Question: Is there a compact and self-contained representation of the feature-barcode matrix from Cell Ranger ARC 1.x that I can open in a text editor?
Answer: The MEX matrix format is sparse but it does require users to integrate information from three different files. Luckily, there is a way to use the contents of the feature-barcode matrix folder to create a self-contained five-column CSV file.
First, go to the directory containing the feature-barcode matrix data (e.g.
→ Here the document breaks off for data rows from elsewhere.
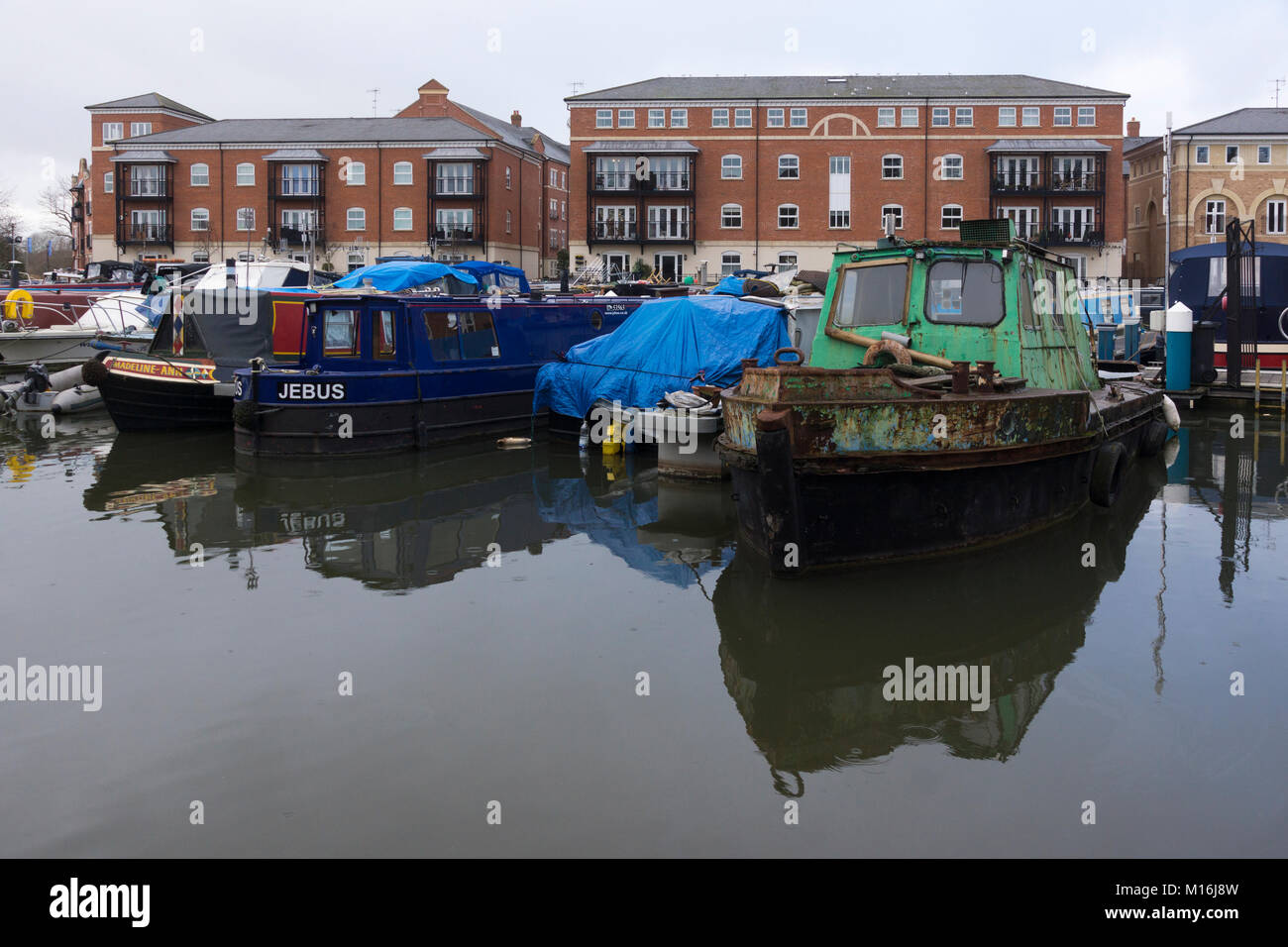 Bateaux amarrés à Diglis Basin Marina, Worcester, Royaume-Uni Banque D'Images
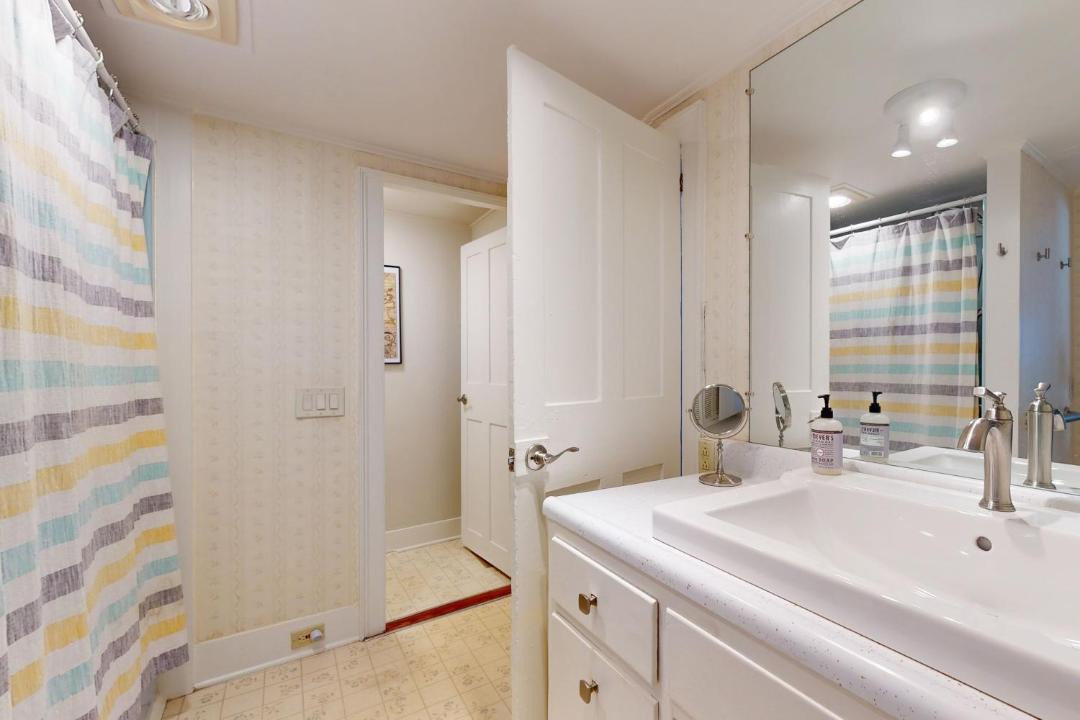 Photo of Bathroom in Brewster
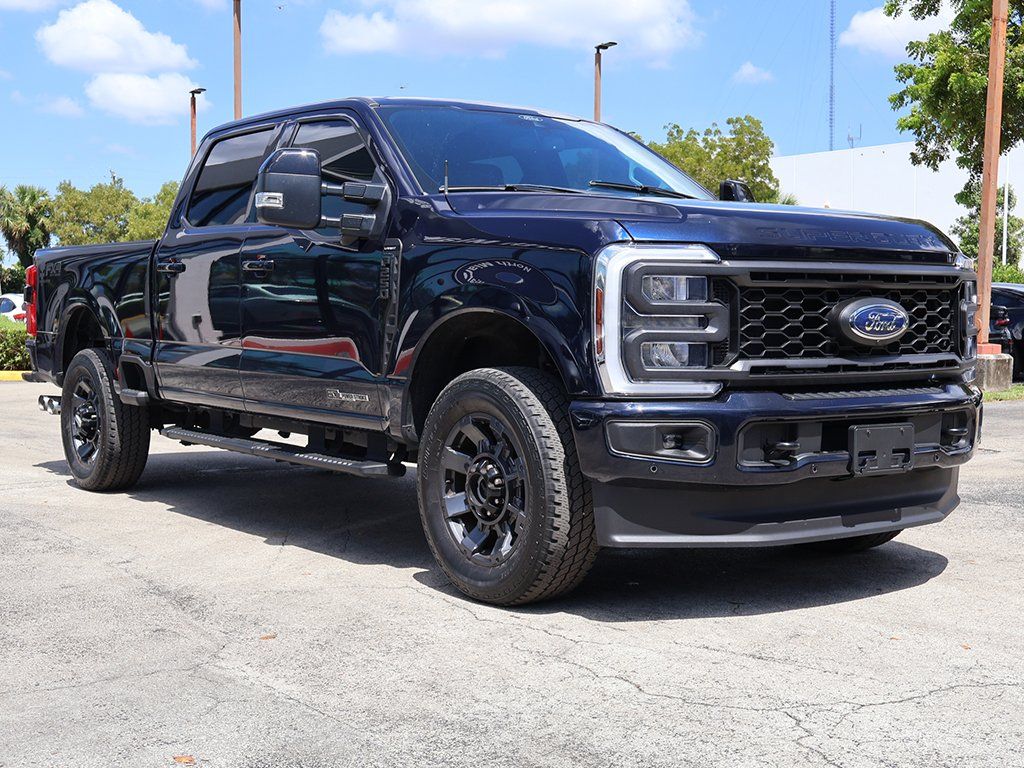 2024 Ford F-250 Lariat photo 2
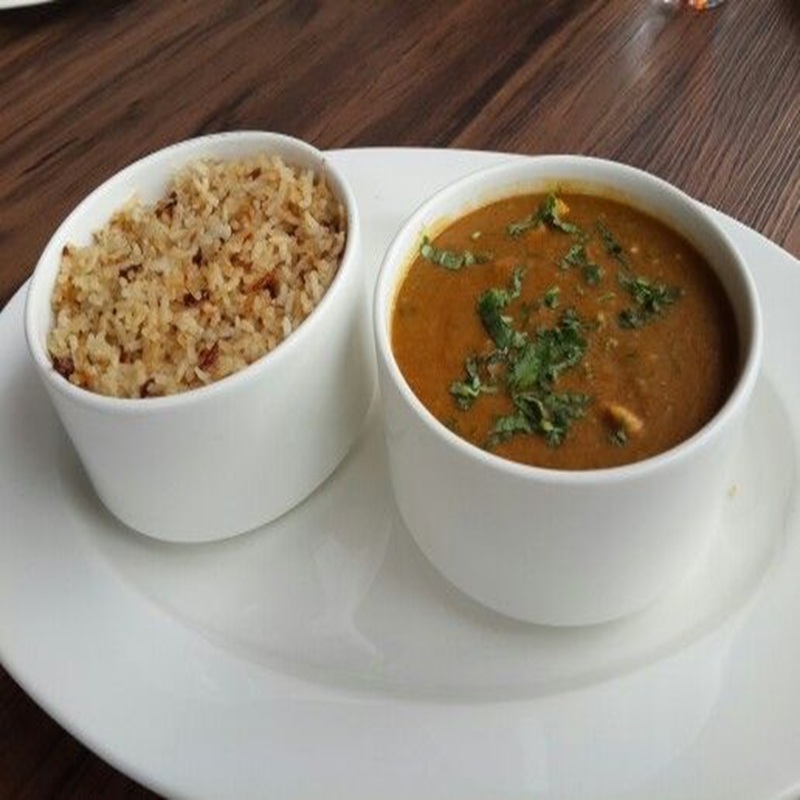 Chicken Dhansak & Brown Rice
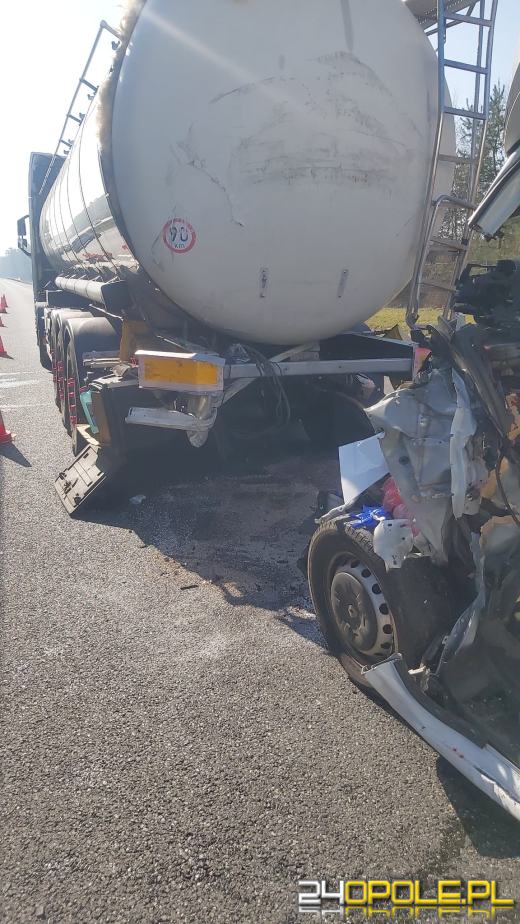 Koszmarny wypadek na A4. 33-letni kierowca busa wjechał pod cysternę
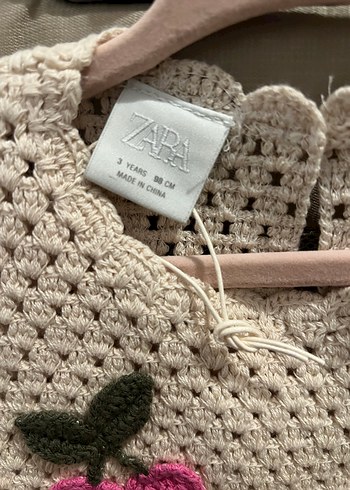 Kız Çocuk Çok Renkli Nakışlı Örgü Yelek - Görsel 2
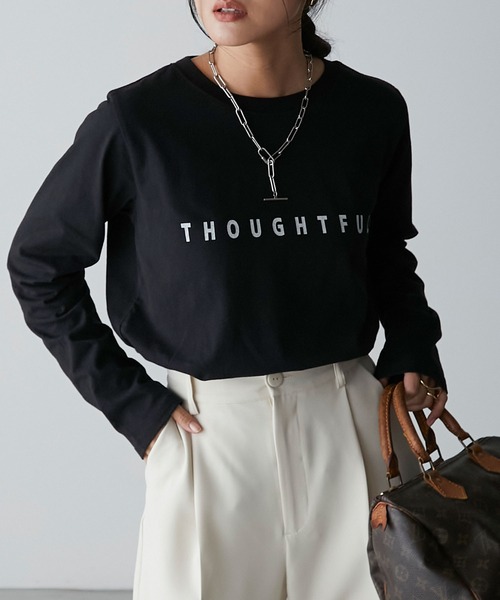 Anss.me(アンスミー)の「【Anss.me】シンプルゴシックロゴプリントロンT(Tシャツ/カットソー・レディース・ホワイト系1/チャコールグレー/ホワイト系2/ブラック/ライトカーキ/ベージュ・FREE)」の4枚目の写真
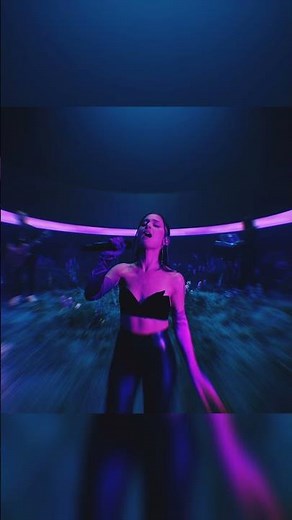 Ariana Grande Live Performance | Vevo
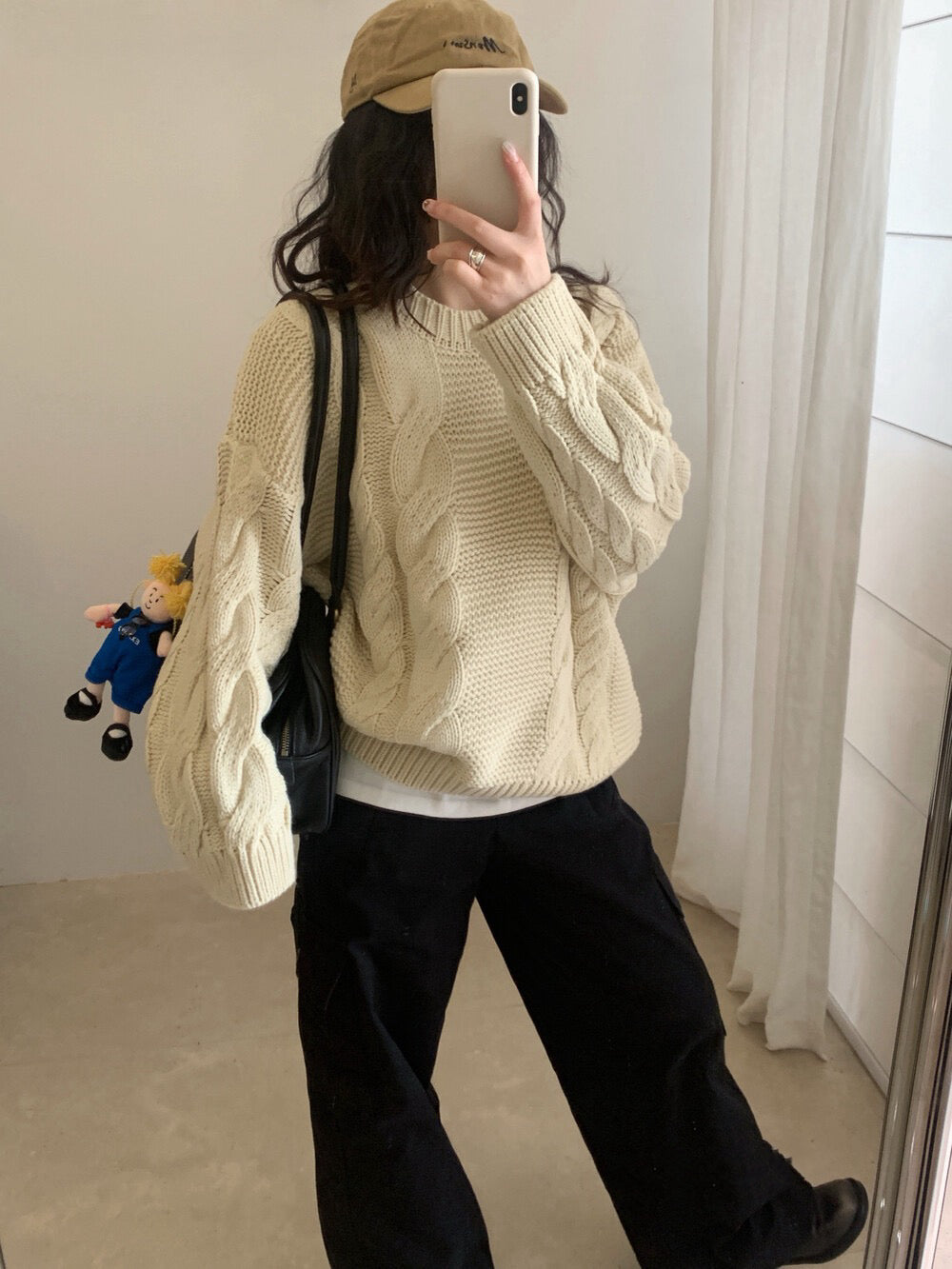 // 粗麻花圓領寬鬆毛衣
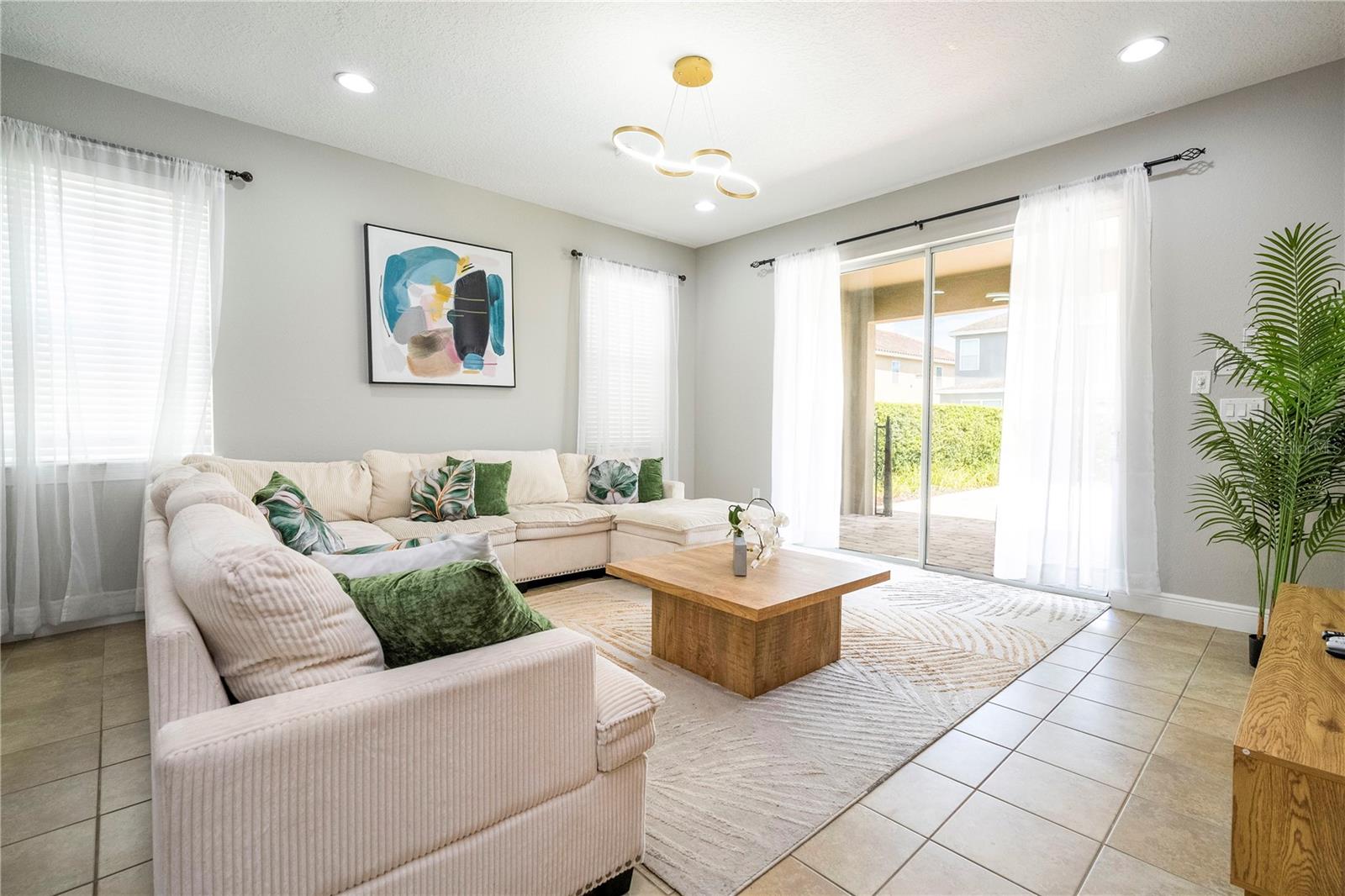 7639 WILMINGTON LOOP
ANALYSIS/outs/filtered_feature_bc_matrix
), then copy and paste the entire code block at once into a bash shell and hit ENTER.
# Print line number along with contents of barcodes.tsv.gz and genes.tsv.gz
zcat barcodes.tsv.gz | awk -F "\t" 'BEGIN { OFS = "," }; {print NR,$1}' | sort -t, -k 1b,1 > numbered_barcodes.csv
zcat features.tsv.gz | awk -F "\t" 'BEGIN { OFS = "," }; {print NR,$1,$2,$3}' | sort -t, -k 1b,1 > numbered_features.csv
# Skip the header lines and sort matrix.mtx.gz
zcat matrix.mtx.gz | tail -n +4 | awk -F " " 'BEGIN { OFS = "," }; {print $1,$2,$3}' | sort -t, -k 1b,1 > feature_sorted_matrix.csv
sort -t, -k 2b,2 feature_sorted_matrix.csv > barcode_sorted_matrix.csv
# Use join to replace line number with barcodes and genes
join -t, -1 1 -2 1 numbered_features.csv feature_sorted_matrix.csv | cut -d, -f 2,3,4,5,6 | sort -t, -k 4b,4 | join -t, -1 1 -2 4 numbered_barcodes.csv - | cut -d, -f 2,3,4,5,6 > final_matrix.csv
# Remove temp files
rm -f barcode_sorted_matrix.csv feature_sorted_matrix.csv numbered_barcodes.csv numbered_features.csv
The column definitions of the output final_matrix.csv
are as follows:
- 10x cell barcode
- Feature ID
- Feature name
- Feature type ("Gene Expression" or "Peaks")
- Count of UMI or cut sites
Here is a sample of what final_matrix.csv
looks like:
...
AAACAGCCAAATATCC-1,chrX:78944247-78947291,chrX:78944247-78947291,Peaks,2
AAACAGCCAAATATCC-1,chrX:79095941-79097077,chrX:79095941-79097077,Peaks,1
AAACAGCCAAATATCC-1,chrX:79097784-79098177,chrX:79097784-79098177,Peaks,1
AAACAGCCAAATATCC-1,chrX:79151058-79153900,chrX:79151058-79153900,Peaks,2
AAACAGCCAAATATCC-1,chrX:79161015-79162418,chrX:79161015-79162418,Peaks,2
AAACAGCCAAATATCC-1,chrX:79175316-79176527,chrX:79175316-79176527,Peaks,2
AAACAGCCAAATATCC-1,ENSG00000000457,SCYL3,Gene Expression,1
AAACAGCCAAATATCC-1,ENSG00000001631,KRIT1,Gene Expression,1
AAACAGCCAAATATCC-1,ENSG00000002586,CD99,Gene Expression,2
AAACAGCCAAATATCC-1,ENSG00000002834,LASP1,Gene Expression,1
...
Disclaimer: This article and code-snippet are provided for instructional purposes only. 10x Genomics does not support or guarantee the code.